The Buzz

Hummingbirds are already migrating, but don't pack away your feeders just yet

A ruby-throated hummingbird at a feeder.
(Photo courtesy of Chad Morsch)

Summer may still seem like it's in full swing as far as the weather is concerned, but some hummingbirds have already started their long migration south for the winter, resulting in changes in how often we see these beloved birds in our yards and at our feeders.

Ruby-throated hummingbirds migrate to and from their summer breeding grounds in waves, said Bob Bryerton, a program coordinator for the Forest Preserve District. The migration period for their trip south to their wintering grounds begins in late July or early August.

"They leave little by little," he said, adding that they arrive here each spring in the same manner. "They trickle in and trickle out."

In the fall, mature male hummingbirds are the first to leave. They aren't involved in raising their offspring, so they leave before the females and young birds, Bryerton said. The hummingbirds typically continue to depart on their migration through early October.

Leaving in waves might be a protective strategy for the birds, Bryerton said. If they left all at once in large masses, their population could suffer mightily if they were to encounter severe weather or other disturbances on their journey.  

Their migratory pattern also contributes to why we sometimes see fluctuations in hummingbirds' presence at feeders. At this time of year, the birds that summered here are preparing for their migration, including eating more to bulk up for their long journey, Bryerton said. Around this time, we can also see periodic influxes of hummingbirds that summered further north. These birds have already begun their trip south and stop over for rest and to fuel up.

Unlike other birds that we see soaring high overhead in their migrations, hummingbirds migrate at lower elevations.

"They usually fly at the treetops," Bryerton said. "They have their eyes opened for any patch of flowers, kind of like us stopping at a gas station to fuel up."

He said the population of ruby-throated hummingbirds typically drops off notably as a result of their migration by the end of September. Because they are looking for reliable and consistent food sources, keeping your feeders full and in good condition is important at this time of year.

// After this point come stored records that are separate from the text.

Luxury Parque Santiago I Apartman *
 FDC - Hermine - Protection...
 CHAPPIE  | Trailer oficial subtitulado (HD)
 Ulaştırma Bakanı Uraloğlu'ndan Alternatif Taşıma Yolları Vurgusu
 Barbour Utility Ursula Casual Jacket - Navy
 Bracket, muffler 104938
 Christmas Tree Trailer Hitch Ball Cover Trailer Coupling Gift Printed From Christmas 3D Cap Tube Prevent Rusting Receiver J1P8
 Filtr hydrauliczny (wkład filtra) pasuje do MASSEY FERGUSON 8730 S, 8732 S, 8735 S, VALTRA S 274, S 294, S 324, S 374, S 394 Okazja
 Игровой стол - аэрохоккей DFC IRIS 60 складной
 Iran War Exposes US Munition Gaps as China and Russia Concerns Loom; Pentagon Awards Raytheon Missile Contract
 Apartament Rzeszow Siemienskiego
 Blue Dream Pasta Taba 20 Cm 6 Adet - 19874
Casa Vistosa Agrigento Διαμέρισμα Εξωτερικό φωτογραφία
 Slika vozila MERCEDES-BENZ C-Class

The gold standard formula for making your own hummingbird nectar is mixing 1 part sugar with 4 parts water, for example, a 1/4 cup of sugar and 1 cup of water. Adding red food coloring will not help attract the birds and may do more harm than good, according to the Cornell Lab of Ornithology.

Change out the sugar water every few days, and clean feeders regularly as well. Regular and thorough cleanings are important especially when it's hot because mold can quickly develop in the feeders. Bryerton recommends cleaning your feeders every two to three days.

If you don't have a lot of birds visiting your feeders, don't fill them up all the way. Make just enough to feed the hummingbirds that visit your yard between cleanings, Bryerton advised.

Many people believe that leaving hummingbird feeders up past the time their migration begins will cause these beloved birds to stick around longer than they should, but this simply isn't so, Bryerton said. Many factors contribute to the timing of their migrations, including changes in daylight and temperature. Leaving your feeders up well into fall won't cause hummingbirds to go against their natural instinct to begin their migration.

Bryerton said Forest Preserve District staff leave hummingbird feeders up at Plum Creek Nature Center until the end of October. That's a few weeks later than they typically see the birds at the feeders, but leaving them up for a few extra weeks ensures any stragglers migrating through the area have a good food supply.